* _Given records_:
Start of Block
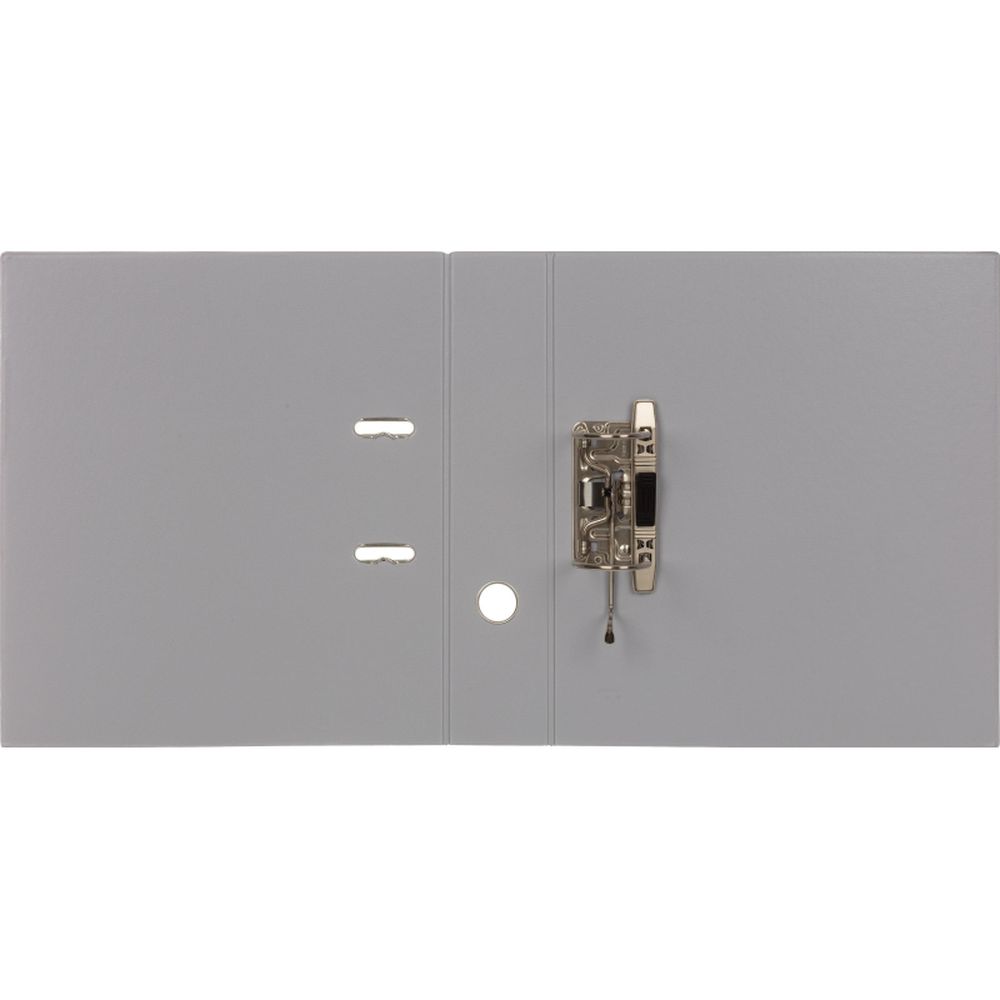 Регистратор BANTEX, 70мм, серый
End of Block
Start of Block
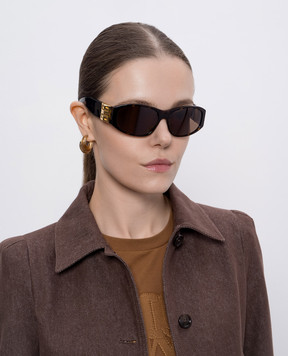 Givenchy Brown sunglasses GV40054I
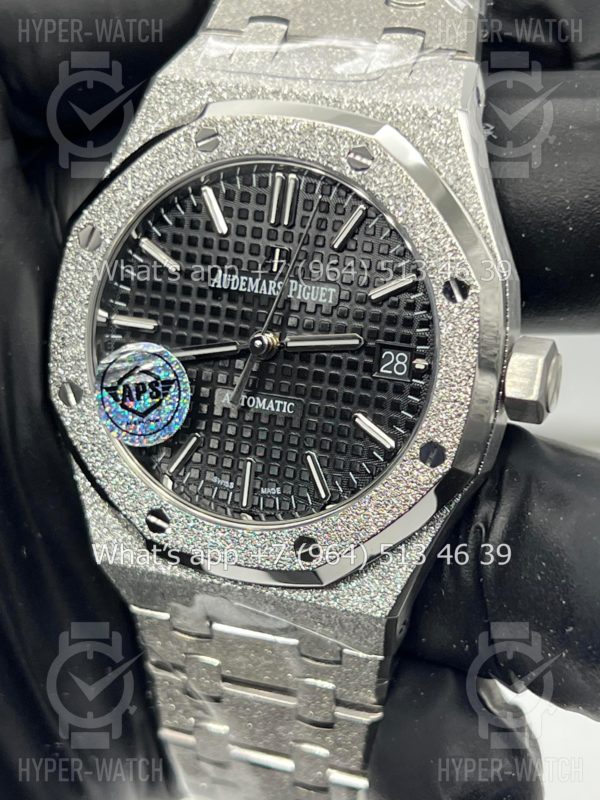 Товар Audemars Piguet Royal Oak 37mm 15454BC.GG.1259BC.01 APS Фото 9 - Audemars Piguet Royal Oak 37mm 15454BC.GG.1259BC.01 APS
End of Block
* _Assignment_:
Given the listing above, repeat exactly the lines starting at the one with "Givenchy Brown sunglasses GV40054I" and ending at the one with "Товар Audemars Piguet", inclusive, excluding pictures.

* _Reply to the exercise_:
 Givenchy Brown sunglasses GV40054I
 Товар Audemars Piguet Royal Oak 37mm 15454BC.GG.1259BC.01 APS Фото 9 - Audemars Piguet Royal Oak 37mm 15454BC.GG.1259BC.01 APS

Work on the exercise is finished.